-------- Available data
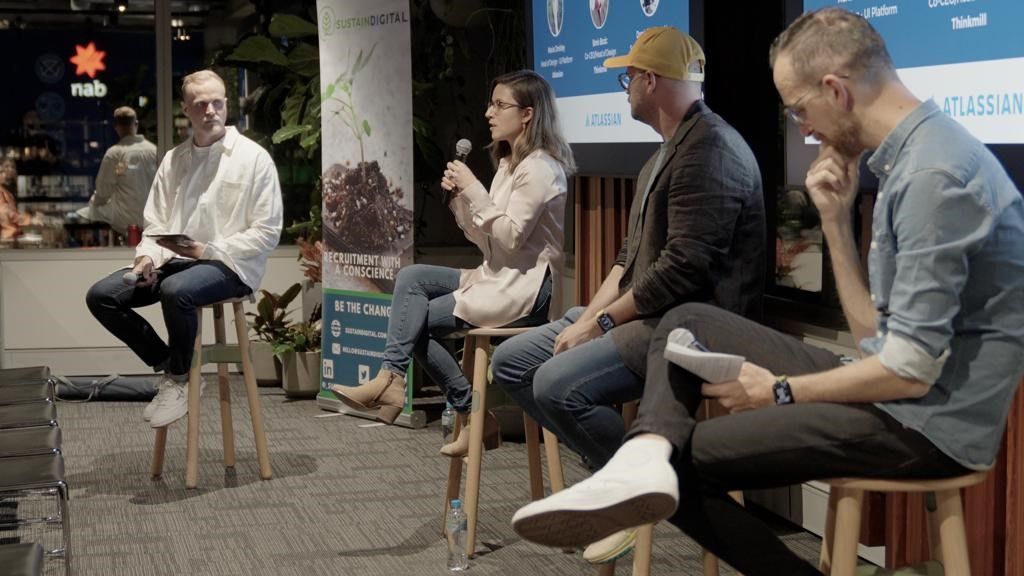 A group of people are sitting on stools in a room.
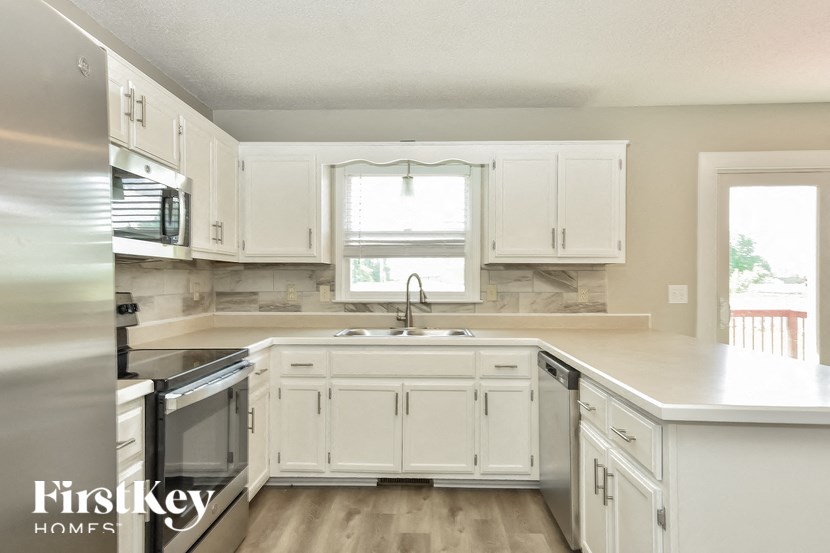 a kitchen with white cabinets and a sink and a window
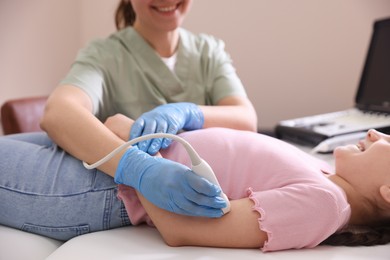 Photo of Sonographer conducting ultrasound examination of girl's arm in clinic, closeup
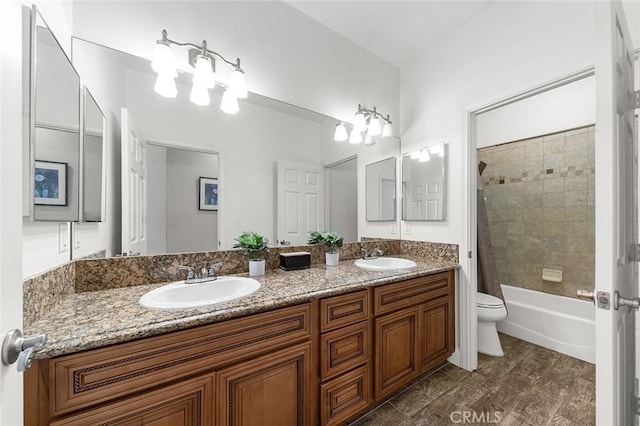 7922 Los Palmas Dr, Oak Hills, CA 92344 - bathroom with toilet, shower / bath combination, double vanity, and a sink
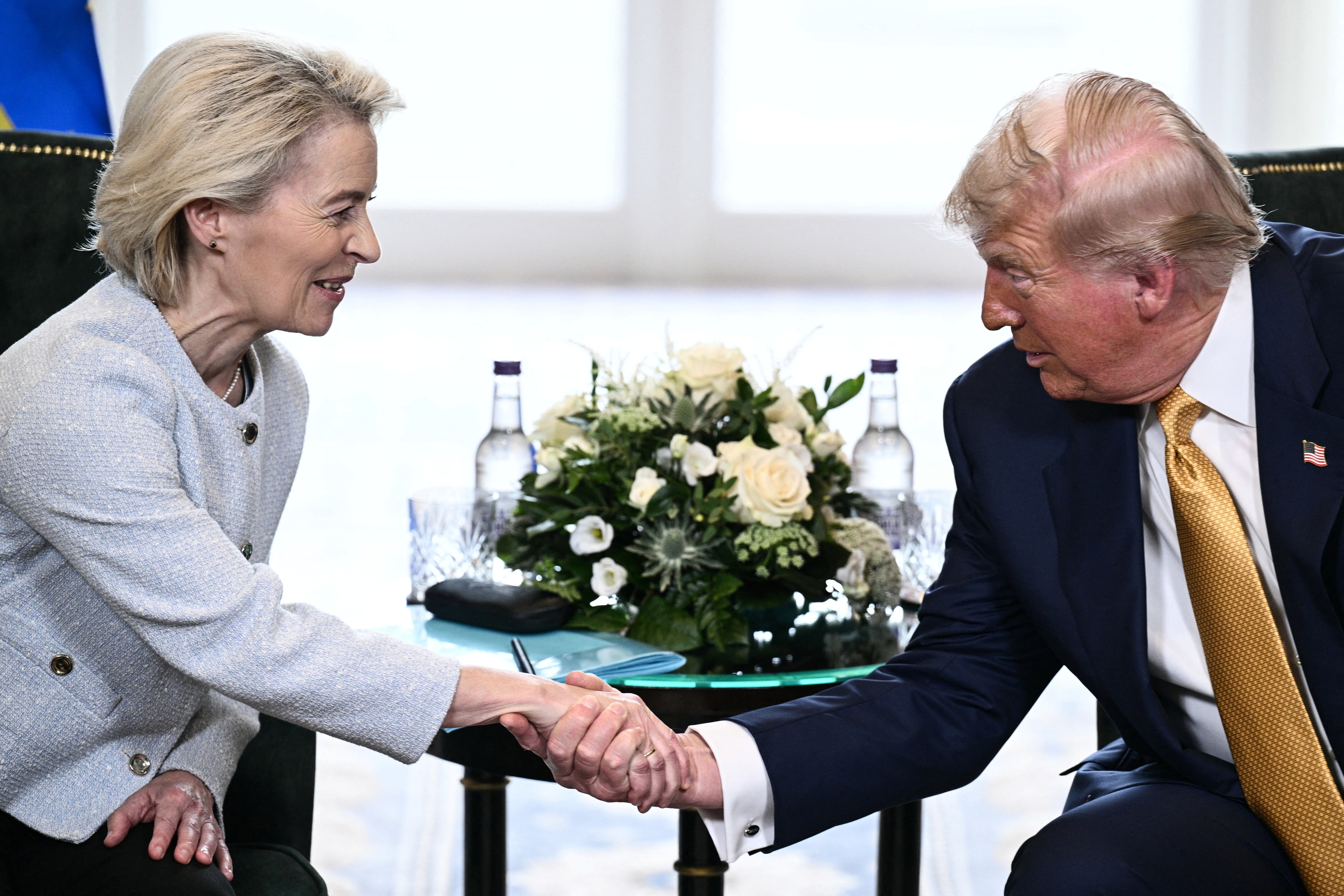US President Donald Trump (R) shakes hands with European Commission President Ursula von der Leyen (L) during a meeting, in Turnberry south west Scotland, on July 27, 2025, on the third day of his visit to the country, since his second tenure as President began. Trump has said he sees a 50-50 chance of reaching a deal with the European Union, having vowed to hit dozens of countries with punitive tariffs unless they hammer out a pact with Washington by August 1, 2025. (Photo by Brendan SMIALOWSKI / AFP)
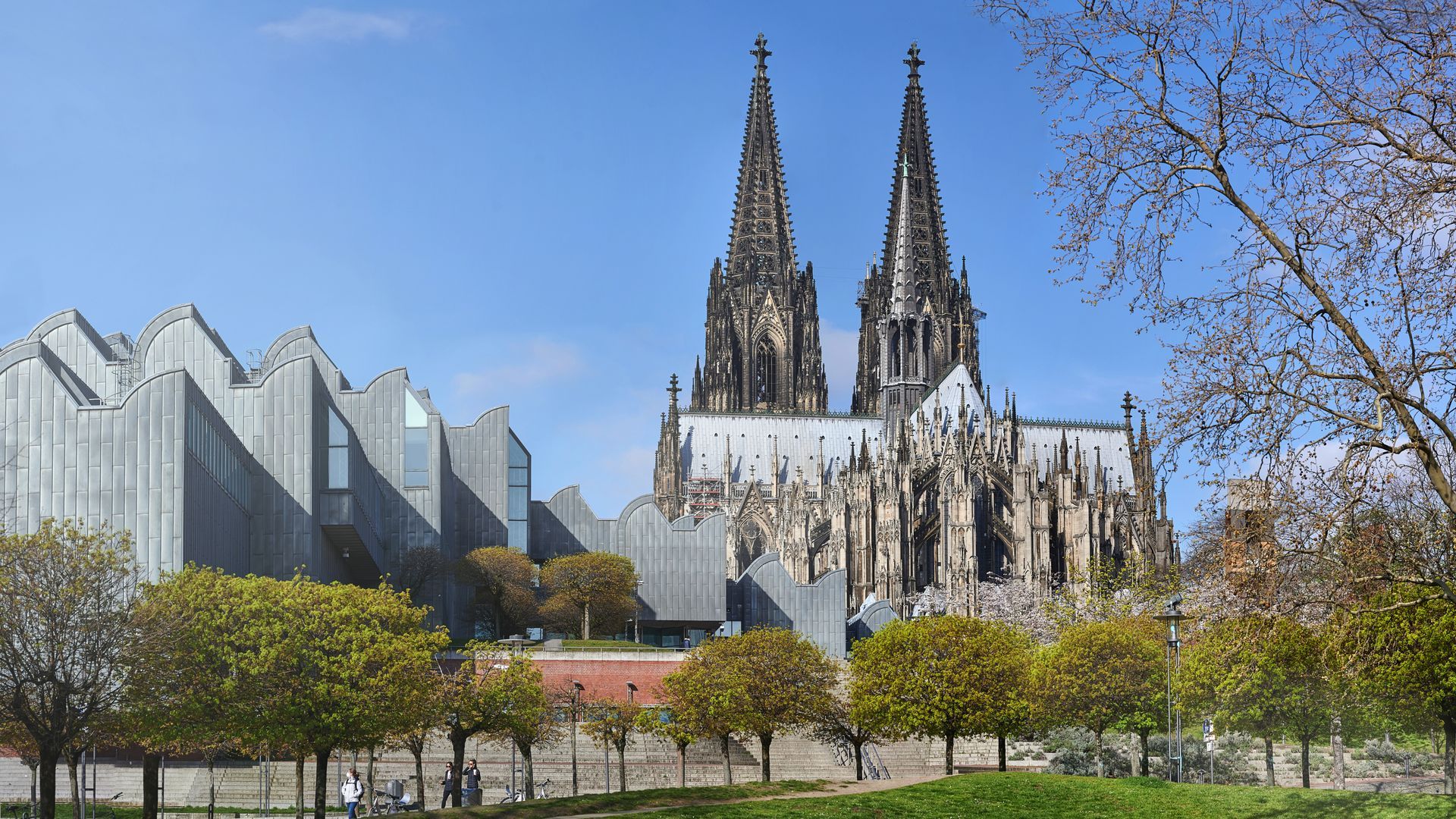 A large building with two towers is surrounded by trees and a park.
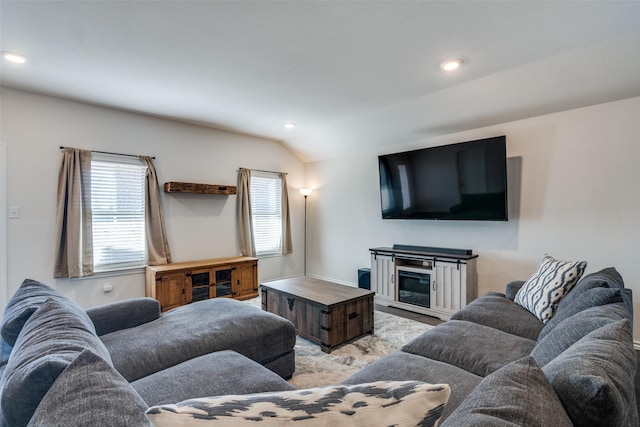 living area with lofted ceiling and recessed lighting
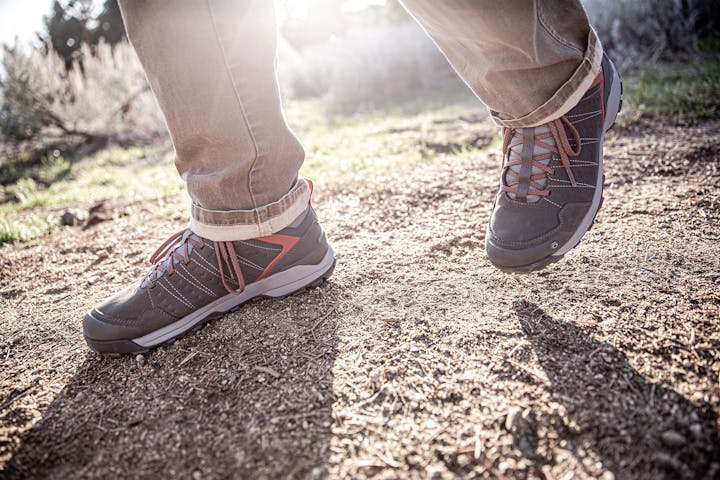 The Oboz Sypes Mid hiking boot in use on a trail.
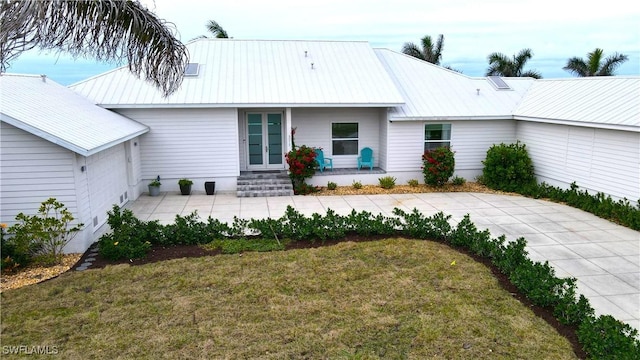 view of front of house featuring a front yard, metal roof, and french doors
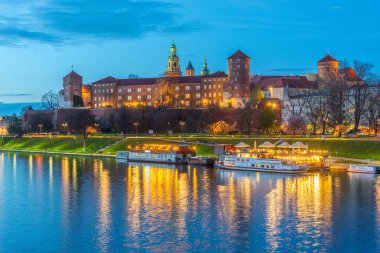 Polonya 'nın Krakow / Krakow kentindeki aydınlanmış Wawel şatosu gece boyunca Vistula / Wisla nehrine yansıdı.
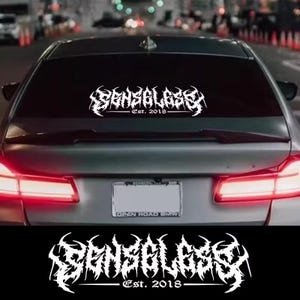 May include: White vinyl car decal with the word "SENSEGLASS" in a stylized font, with "Est. 2018" below. The decal is applied to the rear window of a silver car, with blurred city lights in the background.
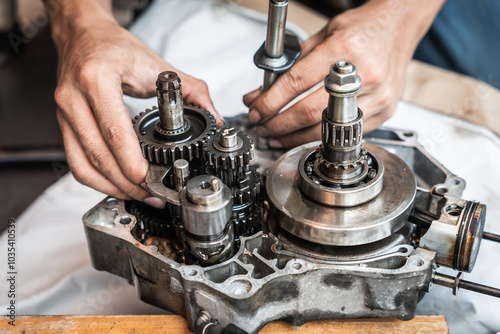 Obraz na płótnie Motorcycle mechanic working on the repair of a motorcycle engine ,working at garage, maintenance, repair motorcycle concept w salonie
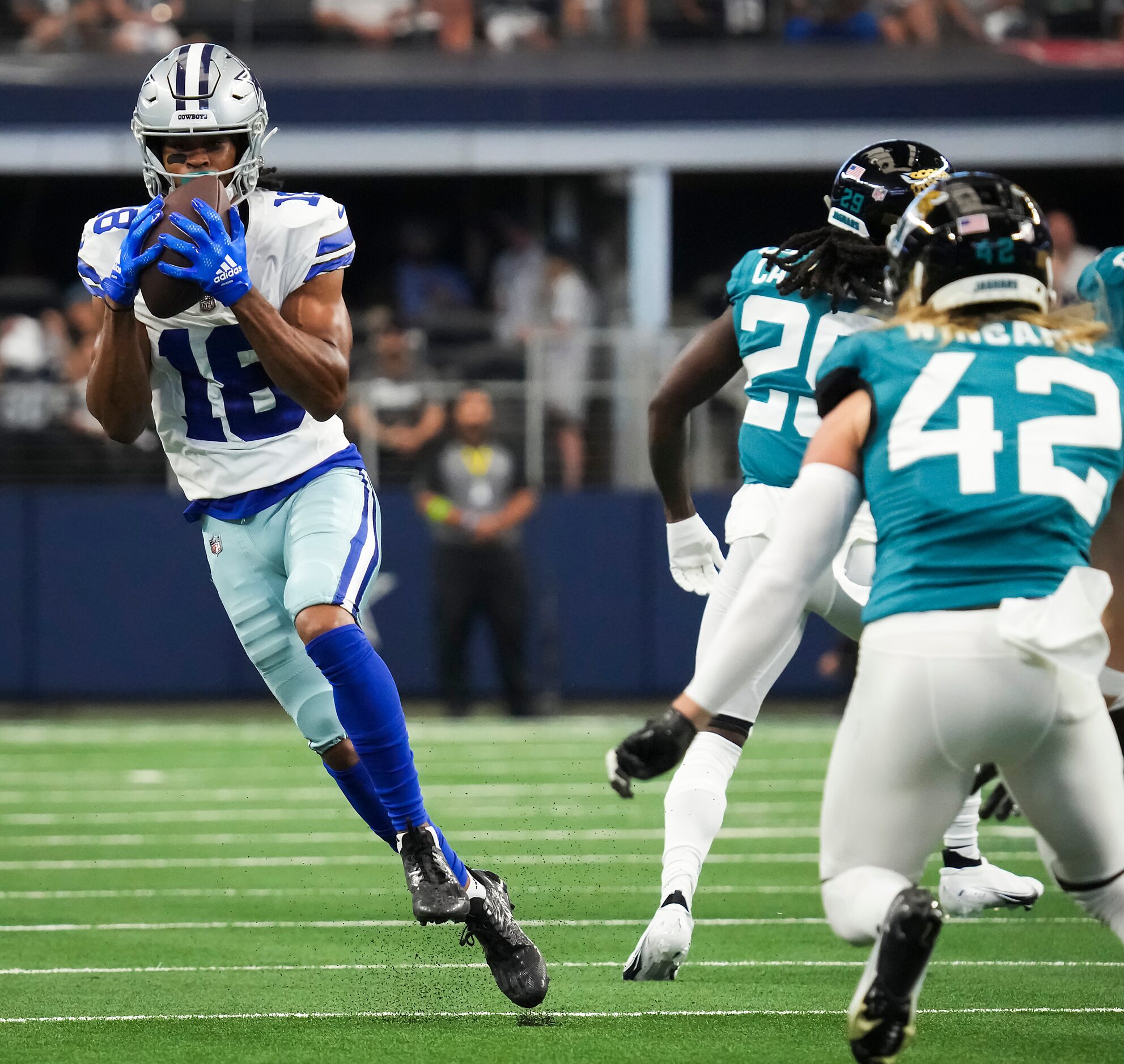 Dallas Cowboys wide receiver Jalen Tolbert (18) catches a pass during the first half of an...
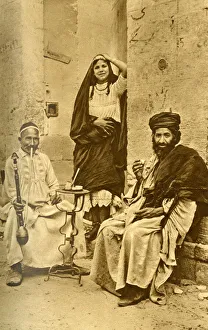 Rich man, dancing woman and beggar, Cairo, Egypt Rich man, dancing woman and beggar, Cairo, Egypt
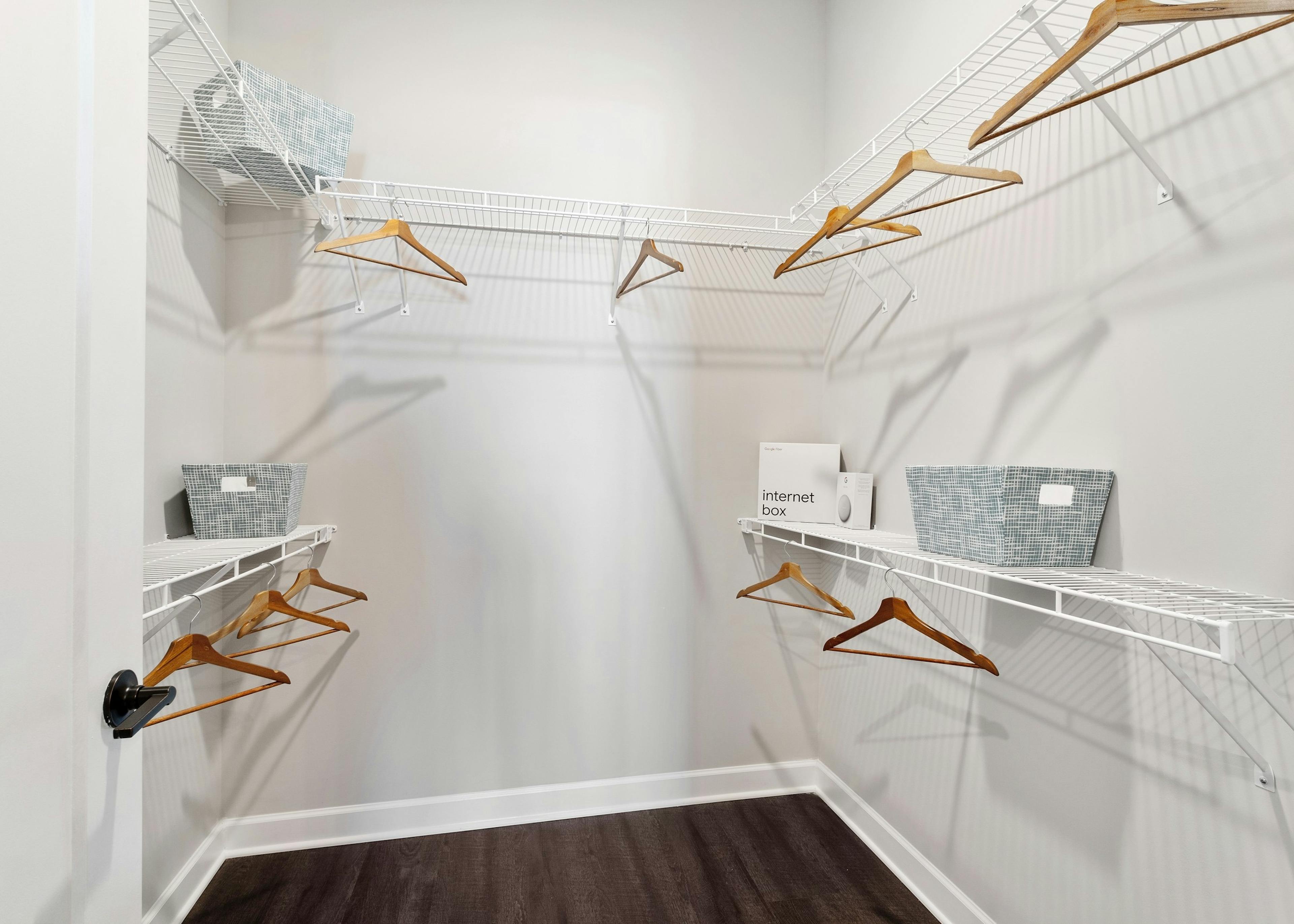 View into large bright closet with hardwood floors and white wire shelving and wooden hangers at AMLI Westside apartments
----------------
● Directions for this task: Exact copy, pictures excluded: from the line with "Photo of Sonographer" up to and including the line with "7922 Los Palmas" in the data above.

● Answer space:
 Photo of Sonographer conducting ultrasound examination of girl's arm in clinic, closeup
 7922 Los Palmas Dr, Oak Hills, CA 92344 - bathroom with toilet, shower / bath combination, double vanity, and a sink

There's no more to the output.